All of us know more than any of us; stories illuminate facets.
19 Speed Stating
Often we sit through meetings or presentations, and each of us is thinking, but there is no opportunity to share. Speed Stating was developed by Bruce McKenzie as a way to enable everyone to share from his or her unique perspective, and be of service to the other members of the group. It is a highly popular systemic technique.
Speed stating enables us to share unique perspectives quickly and painlessly.
20 Opportunity Statements
Based on Rich Picturing activities, pairs of participants identify a theme or pattern and craft an opportunity statement to share. They need to include “What is your idea for improvement?” (This can be a small or big step). “How would it work?” “Why would it help?” Pairs can create as many opportunity statements as they like. They learn together through the process how to best explain their thinking.
Opportunity statements enable each participant to make a unique contribution.
21 Three Horizon Mapping
Many group processes break down when it comes to aggregating the ideas of many participants. The Three Horizon Map that Bruce McKenzie developed sets up a way for the creators of the ideas to place them on a matrix, based on their sense of time and necessary resources.
Trusting the pairs to organize their ideas forces a decision.
22 Three Horizon Mapping – Strategic Staircasing
The next step in systemic exploration developed by Bruce McKenzie (Australia) is called Strategic Staircasing. When all of the ideas from the group have been posted, small groups begin to backcast and identify prerequisites to big goals that will only be accomplished later. Multiple staircases can be identified and contribute to strategic planning.

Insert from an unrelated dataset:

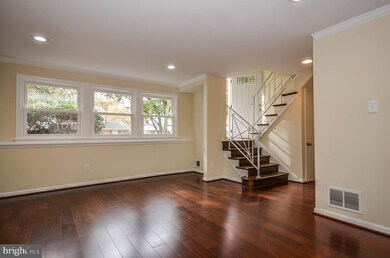 7406 Longbranch Dr, New Carrollton, MD 20784 - photo 2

Back-casting enables the group to self-organize and own their pathways.
23 Coherence Mapping
Within departments, silos, individuals, and teams at work within organizations, it is easy for things to become disjointed and suboptimize the groups’ efforts. Coherence Mapping was developed by Bruce McKenzie and enables the parties to come together, ahead of breakdowns, and build a foundation through specific communication techniques that share crucial information in a positive way.
Anticipatory design saves losses in navigating complex issues.
24 Coherence Mapping Matrix
Identifying “Who needs what from whom?” is the foundation of a Coherence Map Matrix. The process engages diverse participants from each “silo” or group, and identifies needs. This enables everyone to see who is under-resourced, who could meet needs now that they know about them, and where gaps are that could be addressed by others.
Systemic improvements are enabled by specific techniques.
25 WindTunneling Analog
This technique was developed by Bruce McKenzie (Australia). WindTunneling was originally designed to test strategies against a variety of plausible future events, enabling the group to modify strategies to be more resilient. WindTunneling enabled a major bank to identify a massive collapse before it happened. The technique enabled a major company to build redundancies that enabled them to survive a “Black Swan” event.
Originally, WindTunneling was done with groups in person.
26 WindTunneling.com
WindTunneling is a new social form that manifests in an on- line Complexity Toolkit. Tapping into the power of disciplined practices coupled with tapping diverse experiential knowledge provides a fruitful field of refreshing insights for all participants.
WindTunneling is a powerful toolset for innovation, resilience, and strategy.